Given data:
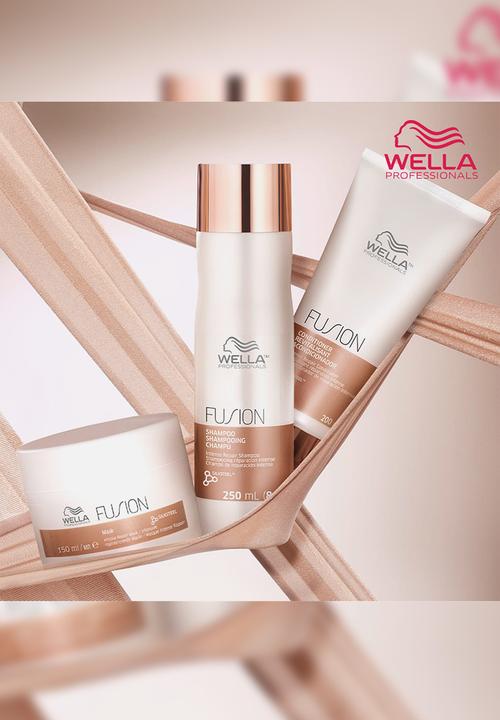 Wella Professionals - Fusion Conditioner  - 200ml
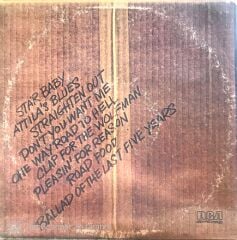 The Guess Who - Road Food LP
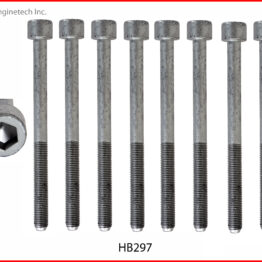 Engine Cylinder Head Bolt Set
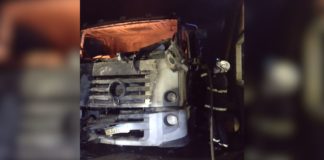 Itabirito: incêndio em galpão usado por serralheria no bairro Cardoso mobiliza Brigada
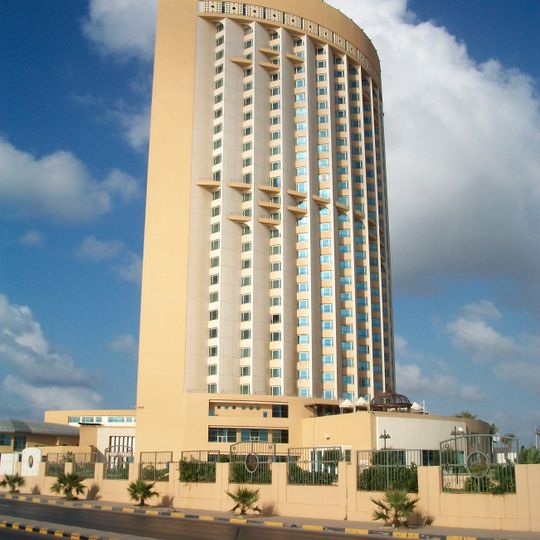 Corinthia Hotel Tripoli
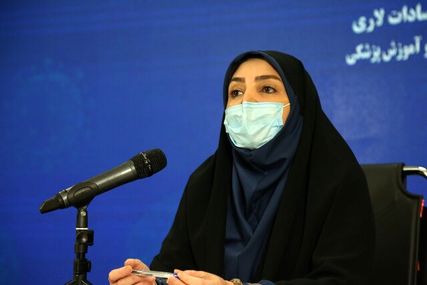 شمار قربانیان کرونا در کشور از ۲۲ هزار نفر گذشت/۱۱۸ فوتی در شبانه روز گذشته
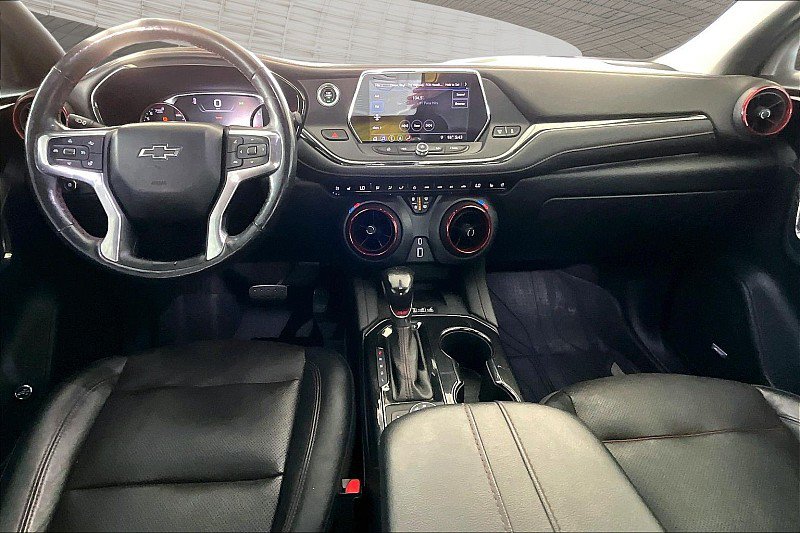 Used 2019 Chevrolet Blazer RS FWD image 12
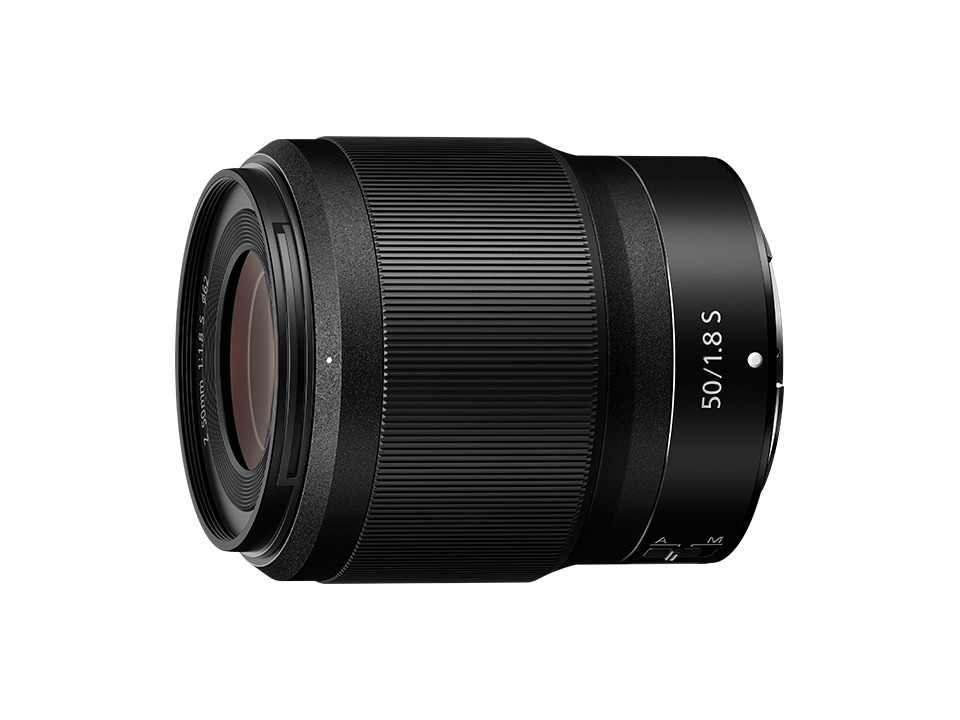 ニコン NIKKOR Z 50mm f/1.8 S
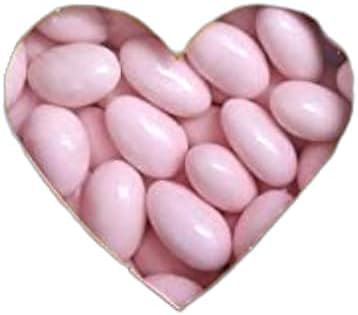 Confetto di mandorle rosa 500G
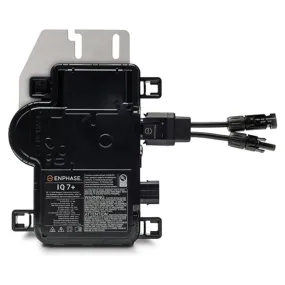 Enphase Solar Microinveter IQ 7Plus ENPIQ7PLUSIND
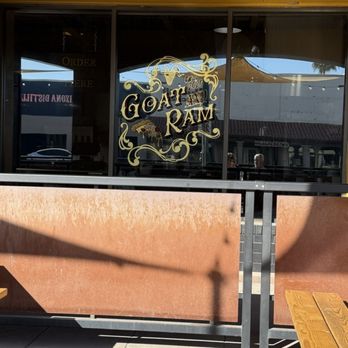 Goat and Ram - Pizza Near Me - Mesa, Arizona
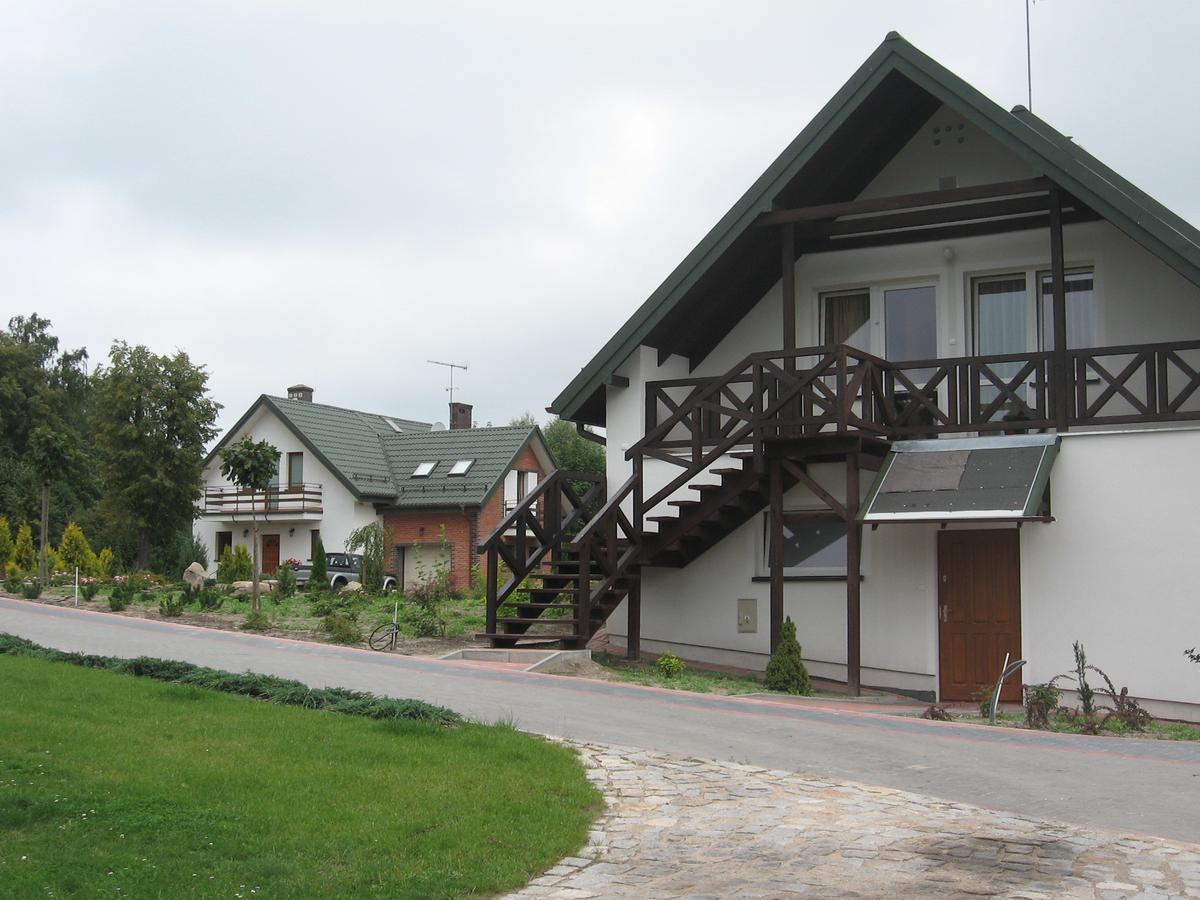 Siedlisko Agroturystyczne Villa Mrągowo Eksteriør bilde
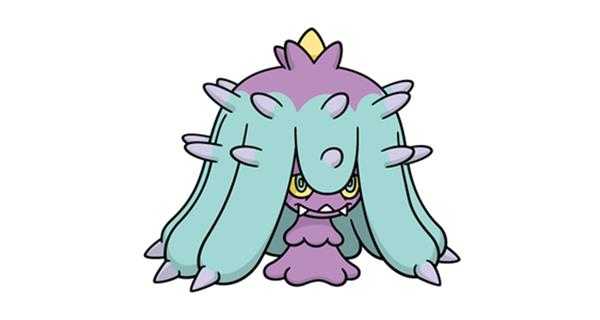 《宝可梦:剑/盾》铠之孤岛好坏星图鉴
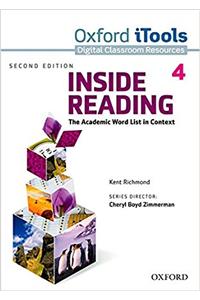 Inside Reading: Level 4: iTools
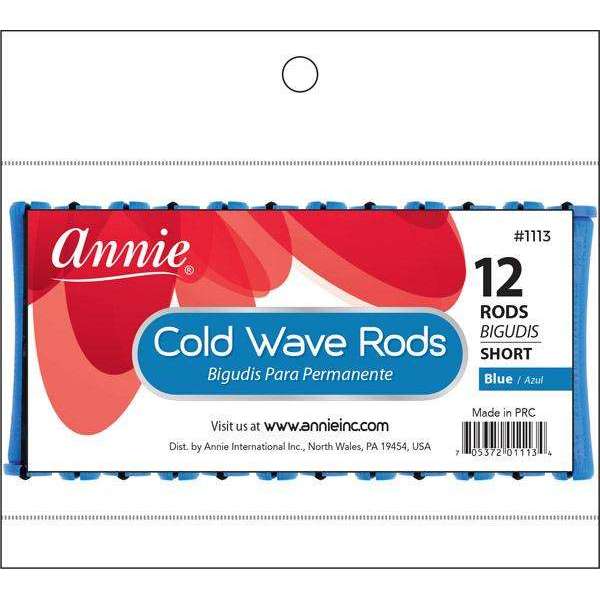 Annie Cold Wave Rod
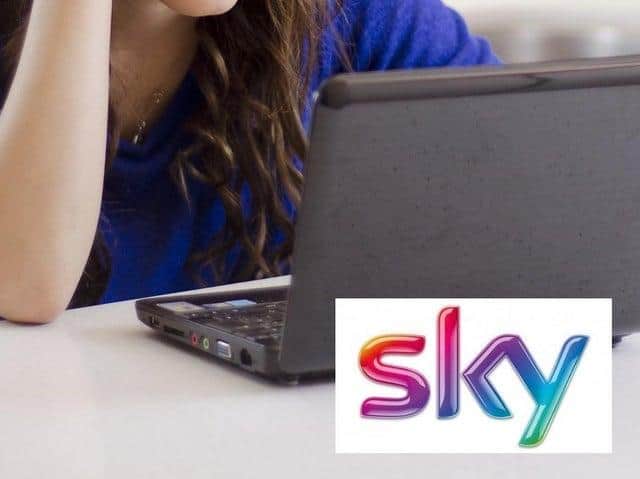 Sky apologises to broadband and talk customers after outage. Picture: Shutterstock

Brief: Copy the lines above exactly and exclude every image.

Task answer:
 Wella Professionals - Fusion Conditioner  - 200ml
 The Guess Who - Road Food LP
 Engine Cylinder Head Bolt Set
 Itabirito: incêndio em galpão usado por serralheria no bairro Cardoso mobiliza Brigada
 Corinthia Hotel Tripoli
 شمار قربانیان کرونا در کشور از ۲۲ هزار نفر گذشت/۱۱۸ فوتی در شبانه روز گذشته
 Used 2019 Chevrolet Blazer RS FWD image 12
 ニコン NIKKOR Z 50mm f/1.8 S
 Confetto di mandorle rosa 500G
 Enphase Solar Microinveter IQ 7Plus ENPIQ7PLUSIND
 Goat and Ram - Pizza Near Me - Mesa, Arizona
 Siedlisko Agroturystyczne Villa Mrągowo Eksteriør bilde
 《宝可梦:剑/盾》铠之孤岛好坏星图鉴
 Inside Reading: Level 4: iTools
 Annie Cold Wave Rod
 Sky apologises to broadband and talk customers after outage. Picture: Shutterstock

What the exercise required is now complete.